= Verbovka Village Folk Centre =

20th-century Ukrainian art collective

Verbovka or Verbovka Village Folk Center was an artisan cooperative in the village of Verbovka founded by Natalia Davidova in the Ukrainian province of Kyiv. Natalia Davidova, one of the founders and the head of the Kyiv Folk Center, was an Avant-garde artist descended from the ancient Ukrainian Hudim-Levkovichis family (Russian philosopher Nikolai Berdyaev was her cousin and artist Nina Genke-Meller was his sister-in-law). The beginning of the cooperation of Natalia Davidova and Nina Genke-Meller originated not just from their family relations. They both were keen on folk art and were devoted to the idea of implementation of Avant-garde artistic principles into practice of amateur goods. In 1915 Nina Genke became a head and chief artist of Natalia's Davidova Folk Center in Verbovka village. N.Davidova involved Nina Genke in "promoting " folk thing's production in accordance with the sketchers of famous Avant-garde artists. The members of the Supremus group started to cooperate very actively. Between 1915 and 1916 many Suprematist artists such as Kazimir Malevich, Aleksandra Ekster, Nina Genke-Meller, Nadezhda Udaltsova, Liubov Popova, Olga Rozanova, Ivan Puni, Ksenia Boguslavskaya, Ivan Kliun and others worked with peasant artisans at the cooperative.
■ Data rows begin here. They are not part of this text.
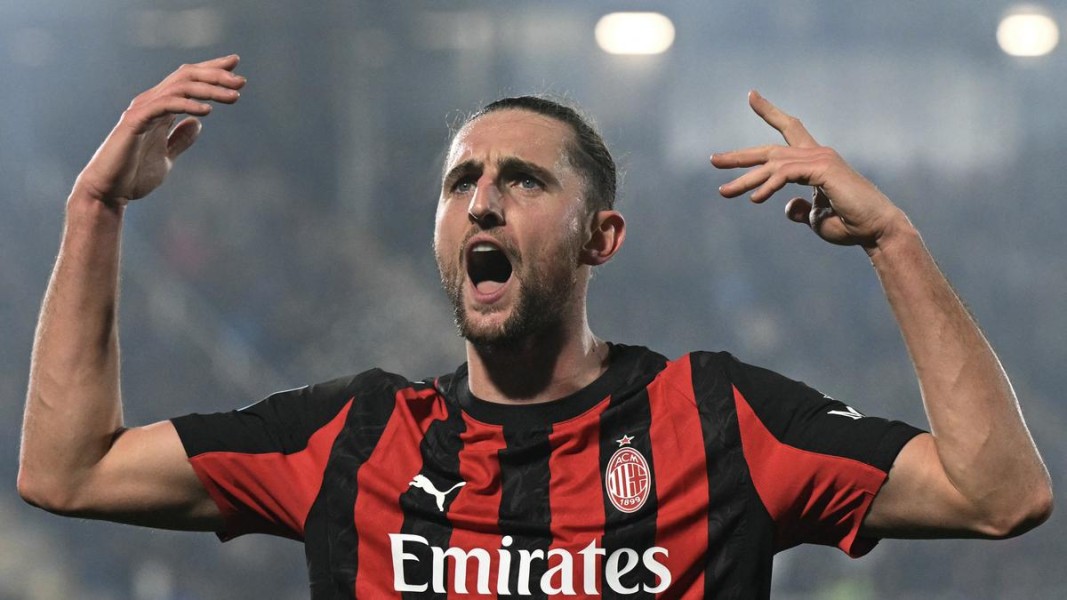 Adrien Rabiot Puji Semangat AC Milan Usai Menang Derby Lawan Inter Milan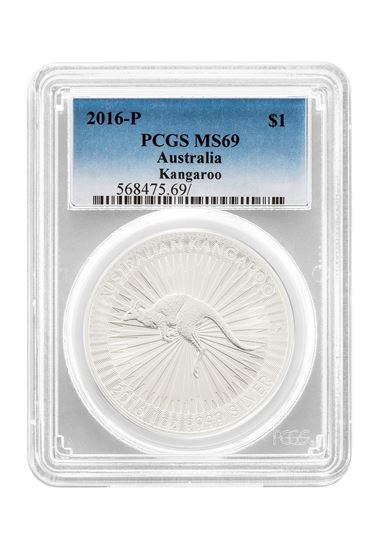 Picture of PCGS 2016 1oz Silver Australian Kangaroo MS69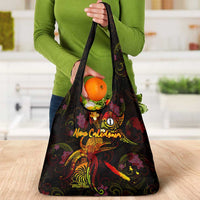 New Caledonia Grocery Bag Octopus Plumeria Polynesian Tattoo DT02 - Polynesian Pride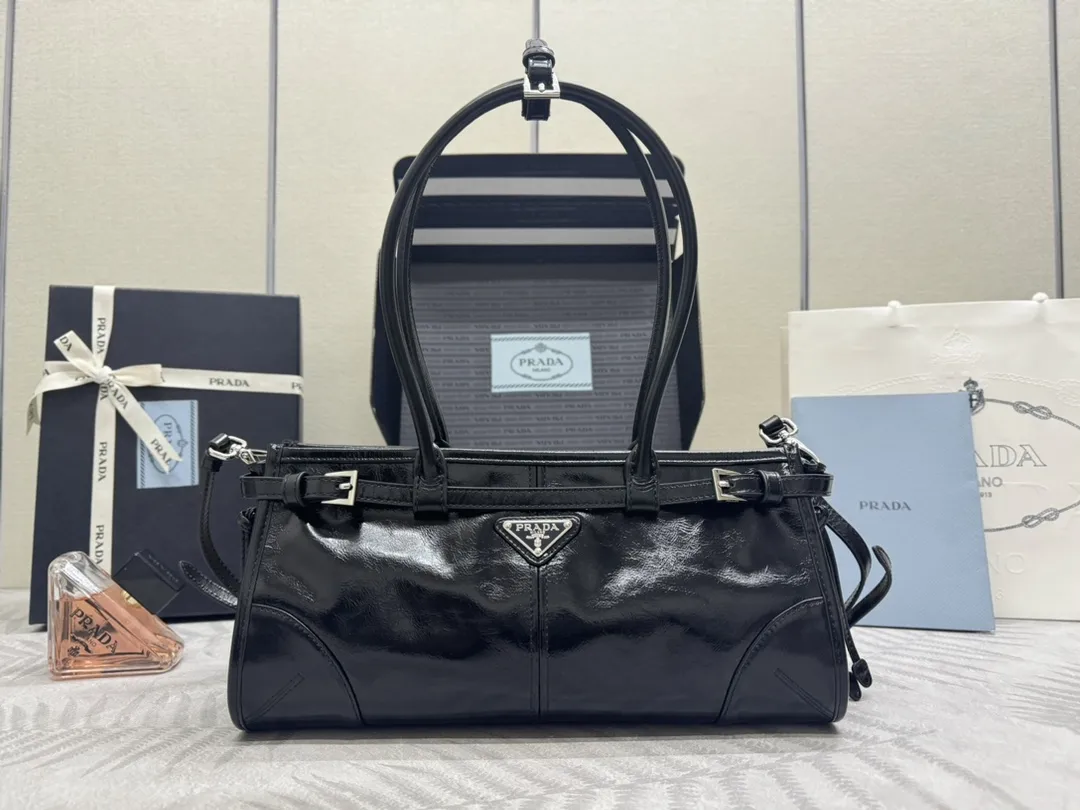 Lux Soft Leather Top-Handle Shoulder Bag D104016341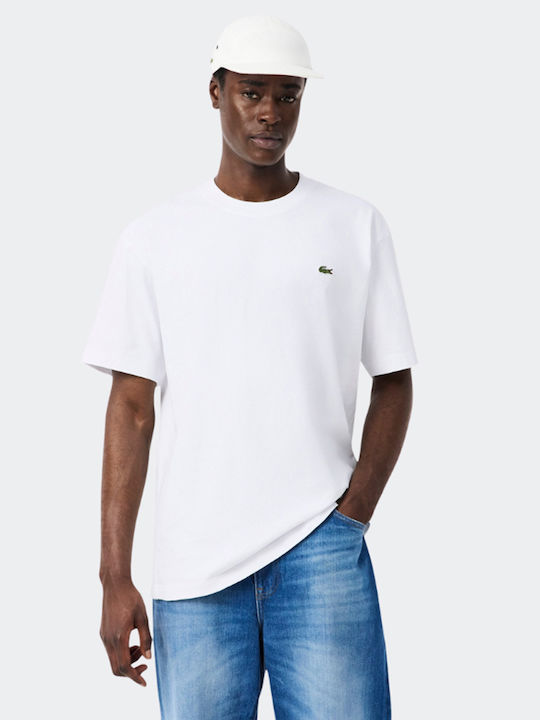 Herrenblusen Kurzarm T-Shirts Weiß
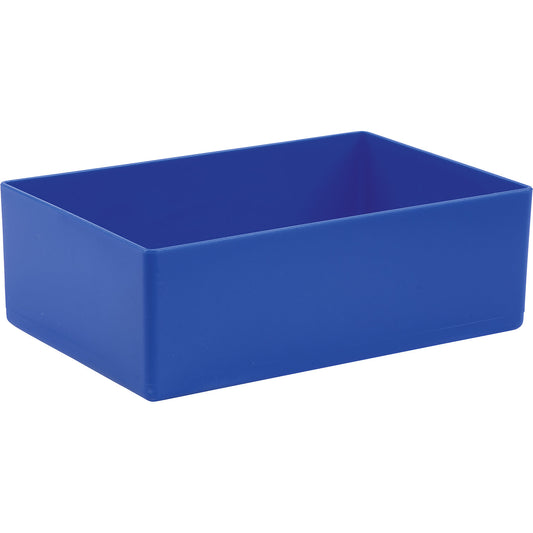 Insert box for drawer, LxWxH 160 x 106 x 54 mm, pack of 8, blue.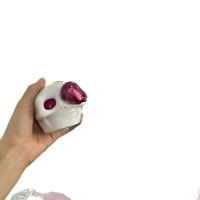 Juguete Antiestrés de Halloween con Diseño de Calavera con Ojos Saltones, Regalo Promocional, Juguete Sensorial para Aliviar el Estrés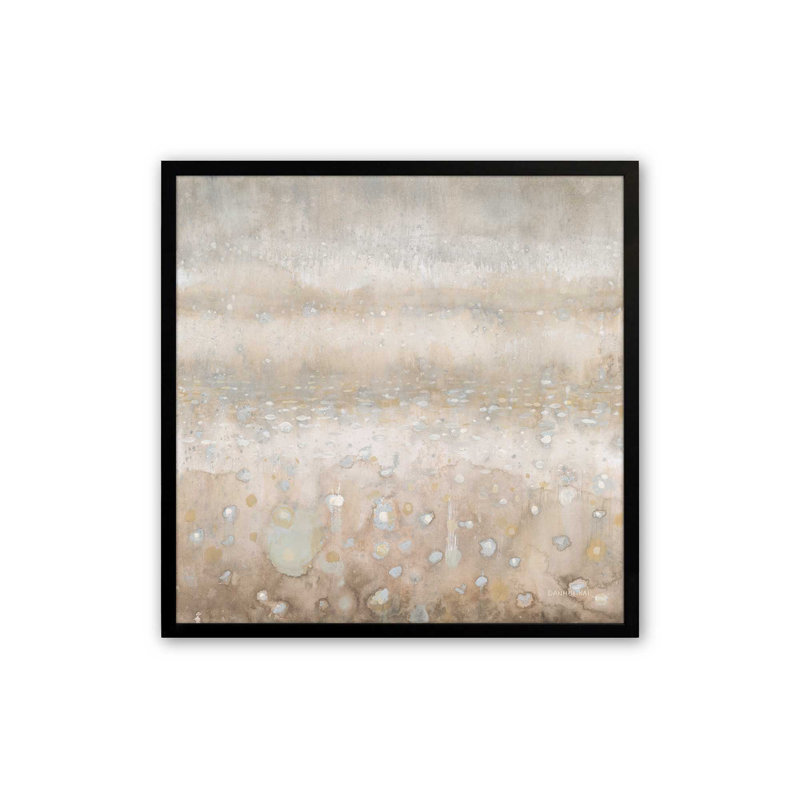 Impression sur toile Shimmering Drops of Light II, H 21,5 po x l 21,5 po, Noir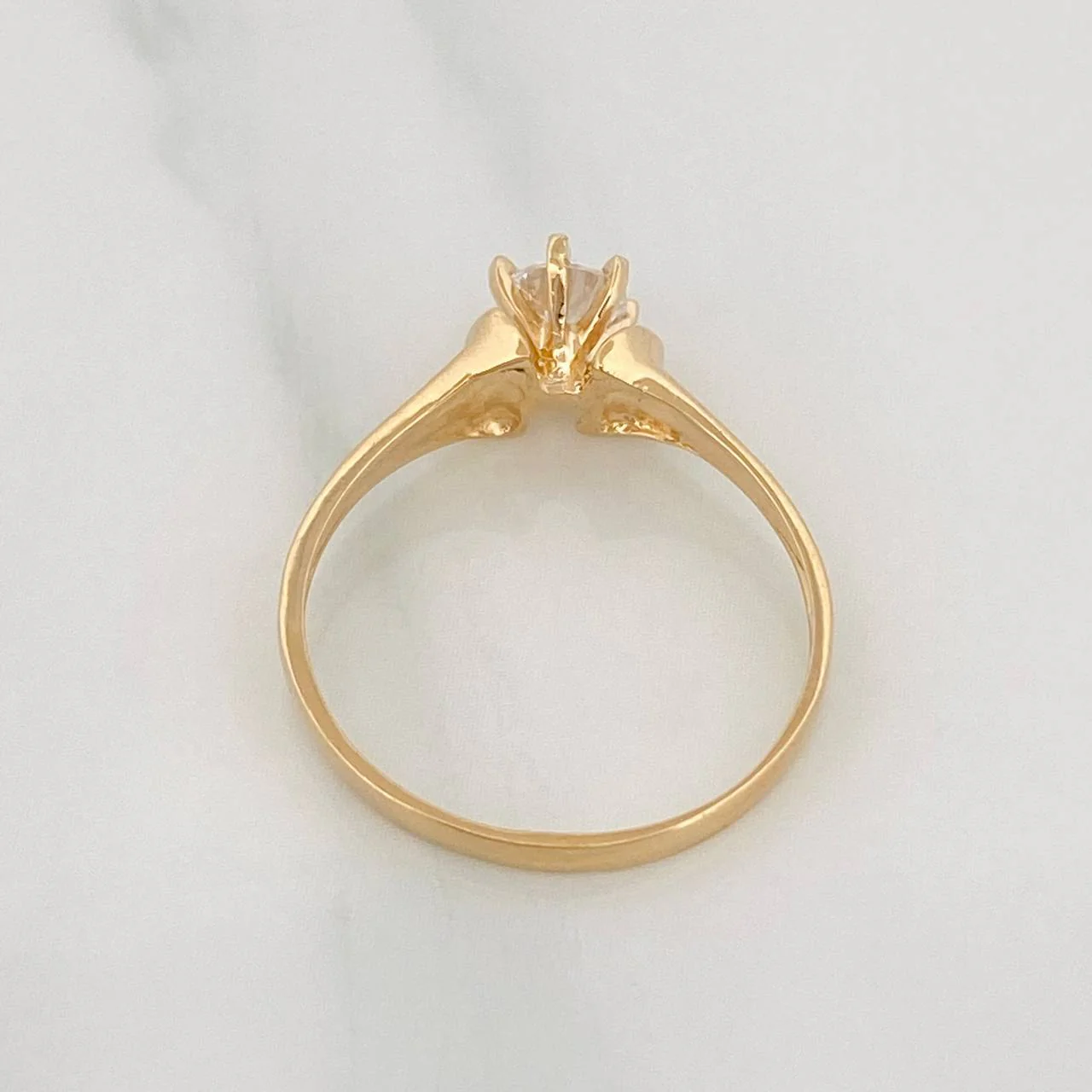Anillo Solitario 2.05g / T7 3/4 Oro Amarillo 18K - Image 4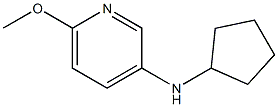 N-cyclopentyl-6-methoxypyridin-3-amine Struktur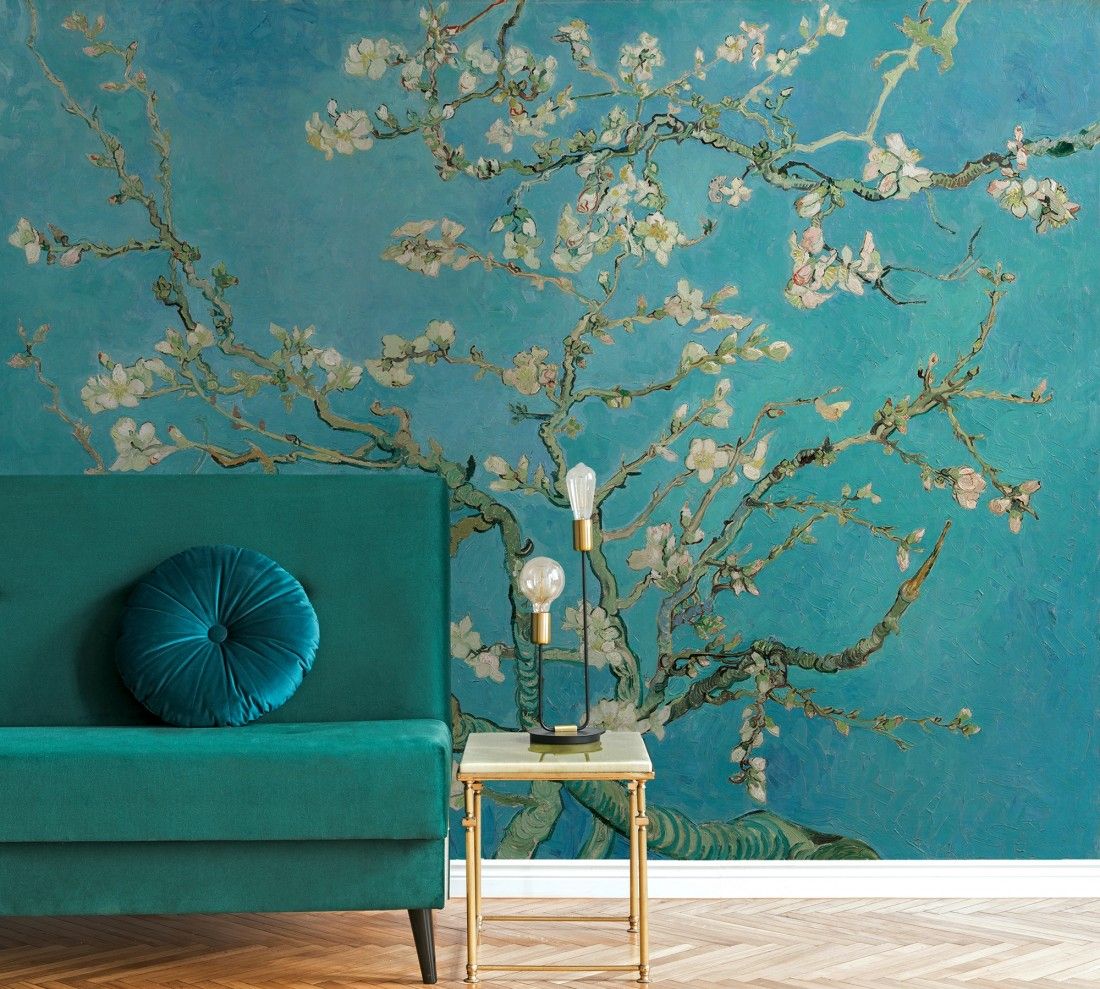 Van Gogh Almond Blossom Wallpaper Mural – Wallpaper • Wallmur® Throughout Almond Blossoms Wall Art (View 9 of 15)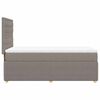 vidaXL Cama box spring con colch&oacute;n tela gris taupe 90x200 cm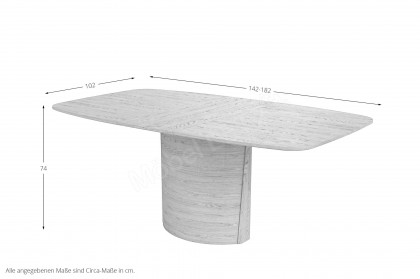#116 Dining Table von Skovby - Echtholzfurniertisch ca. 142 x 102 cm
In November 1915 N.Davidova, together with A.Ekster and N.Genke, arranged an Exhibition of Modern Decorative Art of the South of Russia in Lamersie Moscow Gallery. There they represented the village ladies' works who studied decorative art in Verbovka and Skoptsi's schools, as well as carpets, pillows, shawls and belts made in accordance with sketches of Popova, Malevich, Davidova, Genke, Ekster, Puni, Kliun, Pribilskaya, Yakulov, Rozanova, Vasilieva, Boguslavskaya and others. The exhibition received broad publicity in the press. In 1917 Davidova and Genke arranged the Second Exhibition of Modern Decorative Art in Moscow in Mikhailava's Saloon.